* DATA EXCERPTS *

════

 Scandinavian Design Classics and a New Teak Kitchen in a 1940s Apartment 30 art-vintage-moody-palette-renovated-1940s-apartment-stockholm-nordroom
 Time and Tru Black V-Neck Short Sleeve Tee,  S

════

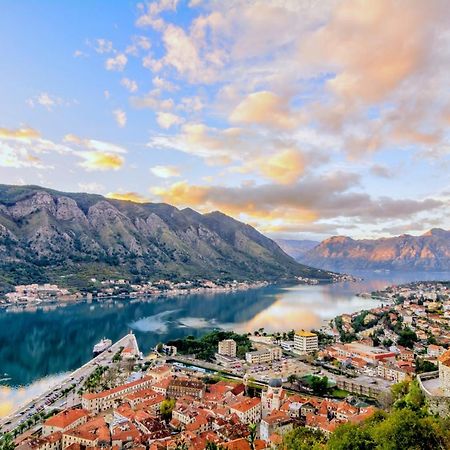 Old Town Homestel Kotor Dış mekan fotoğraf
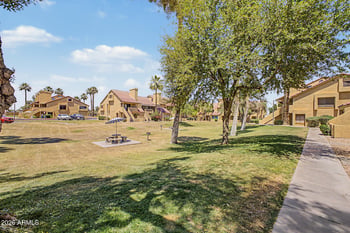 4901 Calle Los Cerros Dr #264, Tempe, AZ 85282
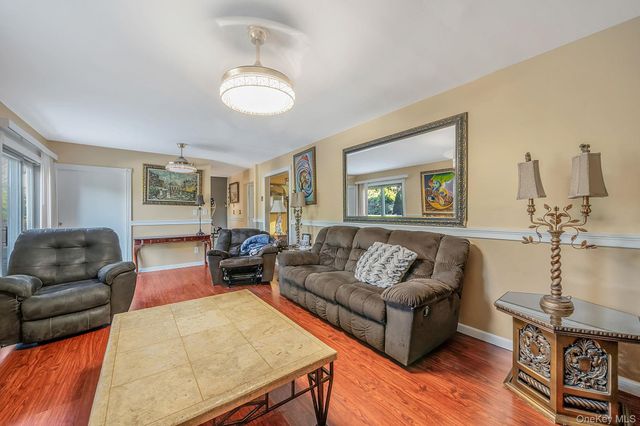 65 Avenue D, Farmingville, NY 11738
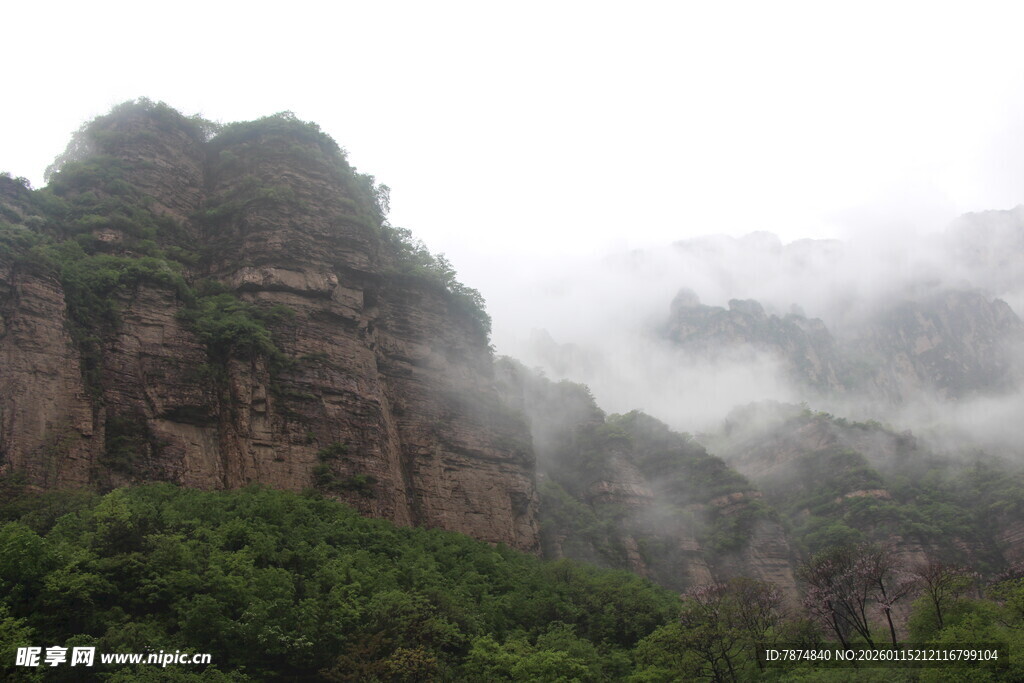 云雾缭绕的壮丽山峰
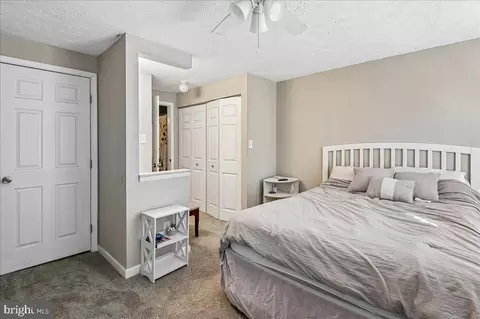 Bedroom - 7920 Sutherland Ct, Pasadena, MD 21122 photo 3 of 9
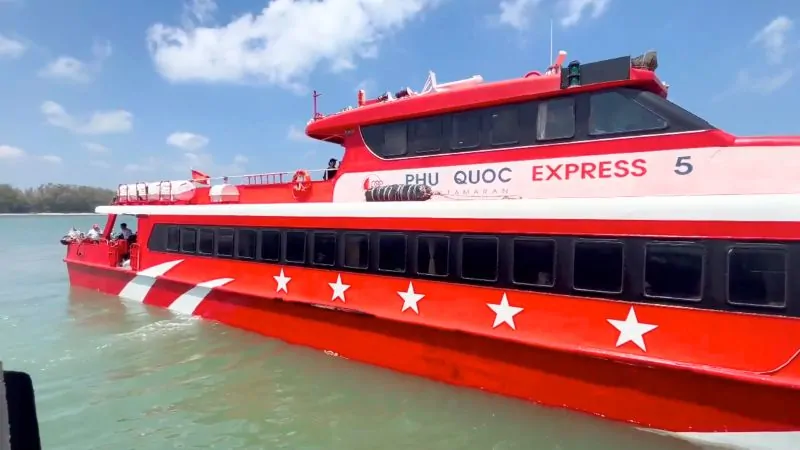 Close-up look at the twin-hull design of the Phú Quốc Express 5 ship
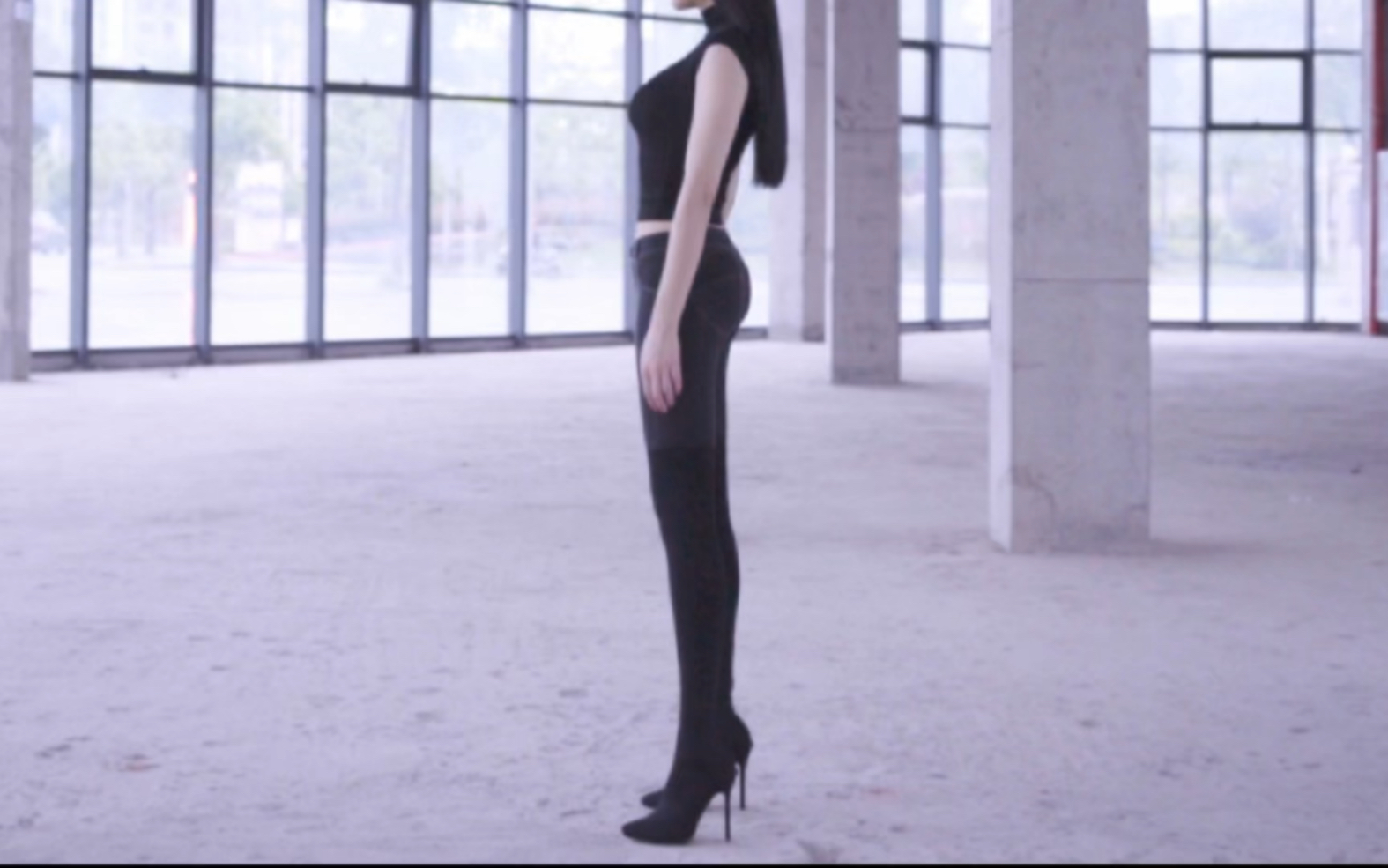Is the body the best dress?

════

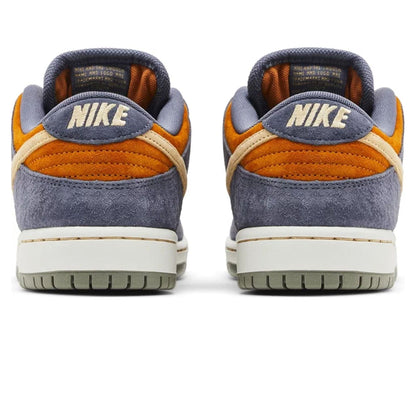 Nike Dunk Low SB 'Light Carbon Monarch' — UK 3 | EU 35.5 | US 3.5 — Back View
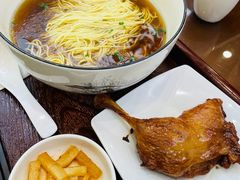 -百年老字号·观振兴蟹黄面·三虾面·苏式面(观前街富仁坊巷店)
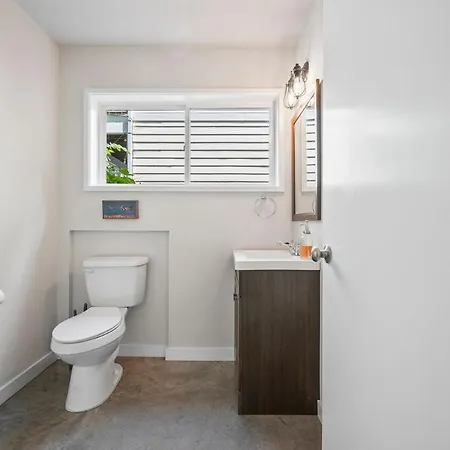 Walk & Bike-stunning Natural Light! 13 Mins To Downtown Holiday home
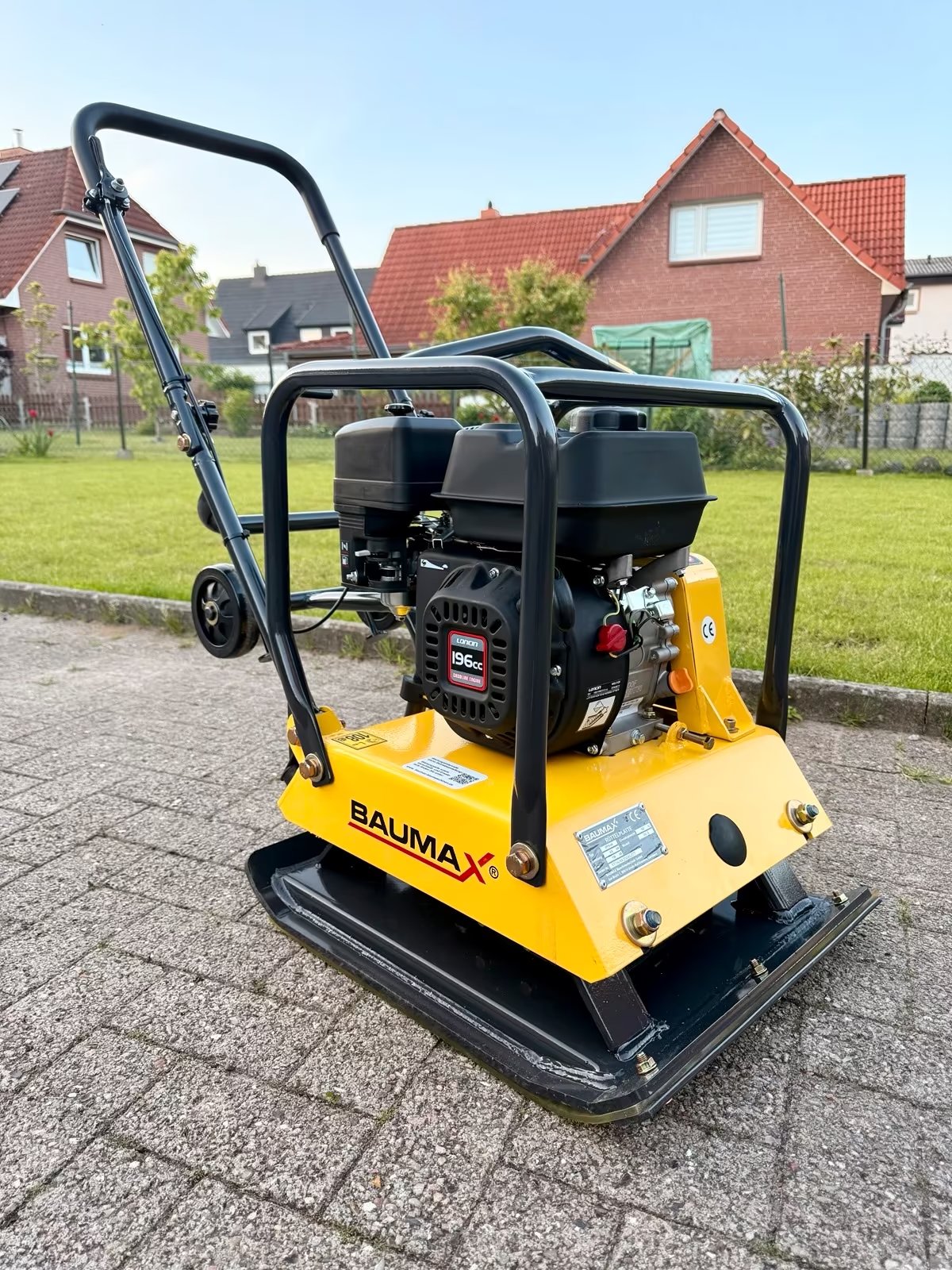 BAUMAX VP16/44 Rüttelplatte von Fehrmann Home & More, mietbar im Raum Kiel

════

* WHAT THE TASK ASKS *
Above are the records; copy from them only the lines starting at the one containing "Bedroom - 7920" and ending at the one containing "Is the body the best dress?", exactly and without pictures.

* RESULT OF THE TASK *
 Bedroom - 7920 Sutherland Ct, Pasadena, MD 21122 photo 3 of 9
 Close-up look at the twin-hull design of the Phú Quốc Express 5 ship
Is the body the best dress?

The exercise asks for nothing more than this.